A Novel Pathogenic Mutation and Possible Synergistic Heterozygosity Contributing to Respiratory Chain Complex I Deficiency

  • Dr Renato Salemi, Murdoch Children's Research Institute, Royal Children’s Hospital, Melbourne, Australia
  • Dr Lisa Worgan, Department of Medical Genetics, Sydney Children’s Hospital, Australia
  • Dr Avihu Boneh, Genetic Health Services Victoria, Royal Children’s Hospital, Melbourne, Australia
  • Dr Denise Kirby, Murdoch Children’s Research Institute, Royal Children’s Hospital, Australia
  • Dr David Thorburn, Murdoch Children’s Research Institute, Royal Children’s Hospital, Australia

    • We identified three Middle-Eastern patients with Leigh syndrome, who had a novel pathogenic mutation in the NDUFS4 gene, encoding a complex I subunit. Patient A was homozygous for a frameshift mutation (c.221delC), giving rise to a crippled complex I, smaller than the wild-type complex visualized by BN-PAGE. Two affected siblings from a second family were heterozygous for c.221delC but no other coding region mutations were found by genomic and cDNA sequencing. Microsatellite markers showed the mutant allele was identical by descent in all three patients and that the heterozygous sibs had the same non-c.221delC allele. Unlike patient A and other NDUFS4 patients, the two affected sibs had normal complex I activity in fibroblasts but deficient activity in muscle. Two mechanisms were studied as possible explanations for a pathogenic role of the heterozygous c.221delC mutation:
    (1)Tissue-specific silencing of the non-c.221delC allele by a mutation in a cis- or trans-acting regulatory element. qPCR of brain and muscle showed no significant decrease in NDUFS4 mRNA compared to control. The absence of crippled complex I on BN-PAGE analysis of muscle further indicates that the defect in this family is not related solely to decreased expression of NDUFS4.

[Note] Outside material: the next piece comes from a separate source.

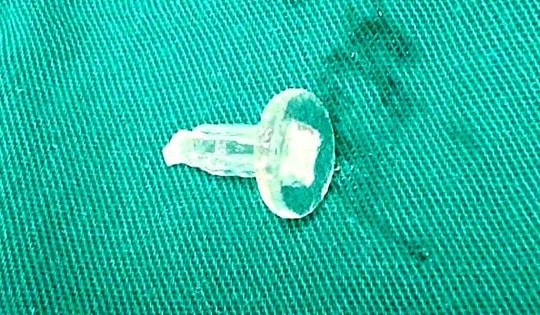 Bé trai 11 tuổi suýt chết vì thói quen ngậm bút bi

    (2)Synergistic heterozygosity, in which one mutant NDUFS4 allele may interact with a mutation in another subunit gene or assembly factor to cause complex I deficiency. Since the family was consanguineous we suspected this may be a homozygous variant and performed homozygosity mapping using Affymetrix 50k SNP chips to identify homozygous regions common to both affecteds. We are currently studying three genes encoding Complex I subunits or putative assembly factors that were located in shared homozygous regions. We propose that the NDUFS4 mutation may predispose these patients to complex I deficiency by interacting with a sequence variant elsewhere that would not normally be pathogenic if present without the NDUFS4 mutation.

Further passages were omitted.